Over the past few years, the issue of power and cooling costs for data centers has moved from being an afterthought to the forefront in the minds of IT administrators.
Businesses are seeing as much as half of their IT budgets being spent to keep the facilities powered, cooled and lit, according to Duncan Campbell, vice president of worldwide marketing for Hewlett-Packard's Adaptive Infrastructure business, and that ratio is not improving, thanks to greater density in the data center and the rising cost of energy.
"It's a big number ... and it's growing," Campbell said in an interview.
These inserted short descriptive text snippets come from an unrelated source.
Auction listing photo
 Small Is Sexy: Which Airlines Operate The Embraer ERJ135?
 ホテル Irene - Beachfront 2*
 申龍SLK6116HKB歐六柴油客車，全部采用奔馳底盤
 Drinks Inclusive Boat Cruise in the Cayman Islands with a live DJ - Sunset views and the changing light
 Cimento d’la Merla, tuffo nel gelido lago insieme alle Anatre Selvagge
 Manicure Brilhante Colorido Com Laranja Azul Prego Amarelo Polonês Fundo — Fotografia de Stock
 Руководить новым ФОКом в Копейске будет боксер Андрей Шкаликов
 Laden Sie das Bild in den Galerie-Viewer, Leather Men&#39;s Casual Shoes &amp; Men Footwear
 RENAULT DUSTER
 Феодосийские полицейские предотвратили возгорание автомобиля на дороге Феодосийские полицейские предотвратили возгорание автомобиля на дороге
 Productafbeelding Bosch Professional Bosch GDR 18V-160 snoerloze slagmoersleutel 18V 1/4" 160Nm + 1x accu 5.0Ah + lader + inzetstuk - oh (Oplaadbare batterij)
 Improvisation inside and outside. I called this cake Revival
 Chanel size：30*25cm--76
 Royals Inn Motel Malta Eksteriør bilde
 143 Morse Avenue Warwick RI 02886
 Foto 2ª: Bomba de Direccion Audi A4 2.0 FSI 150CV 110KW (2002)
The drive to reduce power and cooling costs-fueled both by internal needs and by pressure from the federal government, which is looking to reduce the country's reliance on fossil fuels and promote green energy-is giving rise to business efforts within IT vendors such as HP to help enterprises design more ecofriendly data centers.
"Sometimes people are extending the life of their current data centers, and other times we're helping them build their next-generation data center," Campbell said. "The incentive to attack [these power costs] is very much driven by how much [of the] budget is being spent on them."
Campbell and HP Enterprise Services Fellow Ed Kettler, a green IT strategist (HP Enterprise Services was formerly HP's EDS services business), recently pointed to four examples of businesses using technology to make their new or existing data centers greener. Two of these facilities belong to HP customers, while the other two HP adopted when it bought EDS in 2008 for $13.9 billion.
Power Loft, which builds facilities that other businesses use to house their data centers, is using a two-story solution in building a 220,000-square-foot facility in McLean, Va. The two-story model-recommended by HP Critical Facilities Service and delivered by EYP MCF-segregates the power and cooling infrastructure from the raised-floor environment, a move that lets Power Loft scale out the IT environment while optimizing the flow of energy and cooling to the equipment, Campbell said.
The result is that the facility can accommodate 50 percent more racks and twice the power capacity of comparable Tier 3 data centers, and also uses 70 percent less critical power. The design will save Power Loft $10.5 million in annual electric costs, with projected savings of $350,000 per megawatt of critical power, he said.
Those benefits garnered the data center the LEED (Leadership in Energy and Environmental Design) Silver rating from the U.S. Green Building Council.
Managed hosting provider Opus Interactive is upgrading its IT environment with HP's ProLiant G6 servers-including blade systems-and LeftHand P4000 SAN (storage area network), as well as server virtualization technology from VMware, to improve the capacity of its Portland, Ore., data center.
The result is that Opus Interactive can host 29 times more servers per rack-about 1,200 virtual servers per rack-while cutting power consumption in half, Campbell said.
Opus also is using 100 percent wind-generated power supplied by Portland General Electric, and has installed motion sensor lighting to help reduce consumption, he said.